Imaginemos que espiamos un apartamento exquisito y algo bohemio en Manhattan, donde vemos a una pareja de mediana edad que come en la cocina o se acaricia en el dormitorio, sin que la mujer se moleste ya en sacarse esas medias de lana que tanto le gustan. Son Rebecca y Peter Harris; llevan juntos muchos años y comparten la misma devoción por el arte. La pasión de antes es ahora complicidad y todo parece presagiar que así seguirán sus días, pero de repente aparece Dizzy, el hermano de Rebecca, que tiene poco más de veinte años. El chico se instala en casa de los Harris, buscando consuelo y ayuda tras una época de confusión y adicción a las drogas. Su hermoso cuerpo, que muestra con desenvoltura, es para su cuñado el símbolo de la belleza pura, captada en ese momento mágico en que todo parece aún posible. Bien mirado, Dizzy es Rebecca, pero libre de los estragos del tiempo, y Peter se descubre dispuesto a gozar de nuevo, a apostar por una locura y a pagar su precio.

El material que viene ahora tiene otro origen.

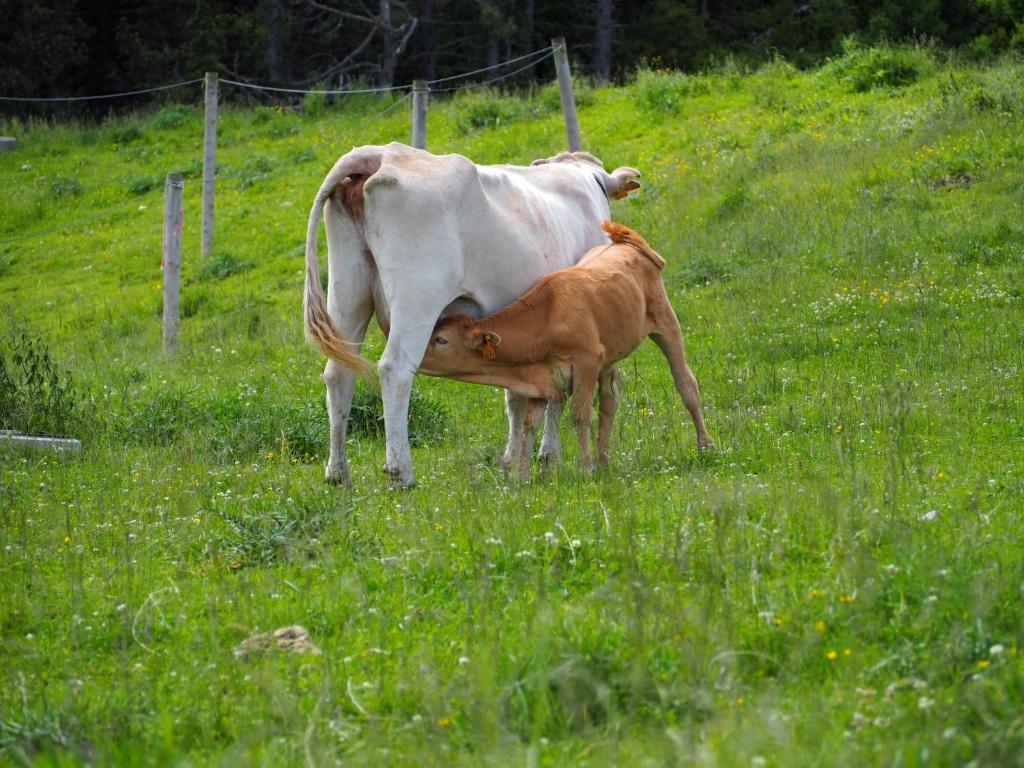 Zvířata v apartmánu nebo okolí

La vida se encargará de resolver las dudas de Peter Harris, pero Michael Cunningham lo retrata aquí sin que importen sus arrugas, y consigue algo que solo saben hacer los grandes maestros: que la imperfección de un hombre, su vulnerabilidad, su poquedad, sean finalmente un elogio a lo que de más humano hay en cada uno de nosotros.